Albertazzi, 90 anni: “Ho vissuto solo per la bellezza”
Versatile protagonista della vita culturale italiana, Giorgio Albertazzi ha festeggiato martedì 20 agosto i suoi 90 anni – idealmente con D’Annunzio – a Marina di Pietrasanta, sul palco della Versiliana, accompagnato al pianoforte da Paolo di Sabatino e alla fisarmonica con Davide Cavuti.
E’ stato con lo spettacolo “Io quel che ho donato” che il re del teatro italiano ha festeggiato i suoi 90 anni e la sua impareggiabile carriera. Quella frase di D’Annunzio ‘Io ho quel che ho donato’ – commenta l’attore – “si adatta in modo perfetto allo spirito di ciò che vuole significare questo mio spettacolo che è anche, anzi soprattutto, un omaggio. Al Vate, certamente, ma anche al pubblico e, se me lo concedete, un poco a me stesso. Tante cose sono state dette, scritte e recitate su D’Annunzio. Io stesso sono stato inseguito dalla sua ombra fin da ragazzino”.
E il pubblico toscano ha reso un convinto omaggio a chi ha contribuito a rendere grande l’arte teatrale vivendo “la bellezza e per la bellezza”. Un concetto che ha ripetuto in diverse interviste tv e anche in una conversazione con Titti Giuliani Foti sulla Nazione.
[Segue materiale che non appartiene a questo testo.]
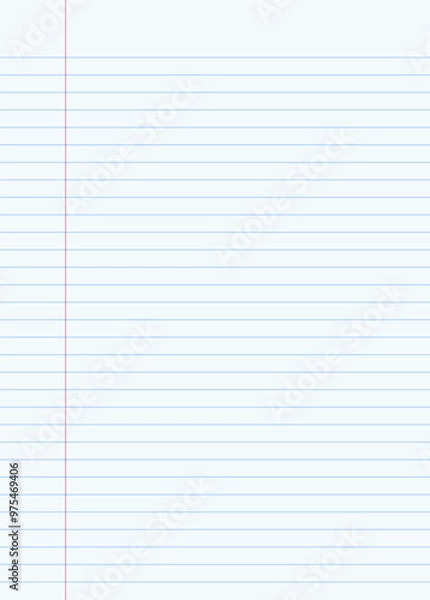 Fototapeta Notebook paper background. Lined notebook paper 1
C’è qualcosa di cui si pente? gli chiede la giornalista: “Si – risponde il Maestro – aver trascurato cose importantissime. Per esempio avrei dovuto fare il grande cinema, dedicarmi di più, concedermi più spesso. Ma io sono così: ho fatto pochissimi calcoli nella mia vita. Anzi, non li ho mai fatti e non ho mai sacrificato niente alla bellezza”. Appunto: cosa pensa della bellezza?, insiste la giornalista: “E’ il valore più alto della mia vita. Volevo che tutto fosse splendido e indimenticabile e quindi ho lottato per arrivare a questa cosa qui”.
La scelta dell’omaggio a D’Annunzio non è casuale: proprio alla Versiliana il Vate soggiornò nell’estate del 1906 nella Villa che fu dimora dei Conti Digerini-Nuti. “Io sono nel più bel posto dell’universo” scrisse D’Annunzio dalla Versiliana in una lettera indirizzata ad Emilio Treves il 5 luglio di quell’anno.
“Sono nato a tre passi dalla ‘Capponcina’ di Settignano, la villa con i levrieri e i cavalli del Vate – e dall’altra parte della strada c’era la ‘Porziuncola’ di Eleonora Duse. Spiavo al di là del cancello grigio-argento della Capponcina (D’Annunzio non c’era più, la villa era stata venduta e rivenduta) se per caso arrivasse qualche segno” racconta Albertazzi nelle note di regia. “Io stesso sono stato inseguito dalla sua ombra fin da ragazzino. . Ci sono uomini come D’Annunzio che hanno il potere di evocare leggende”.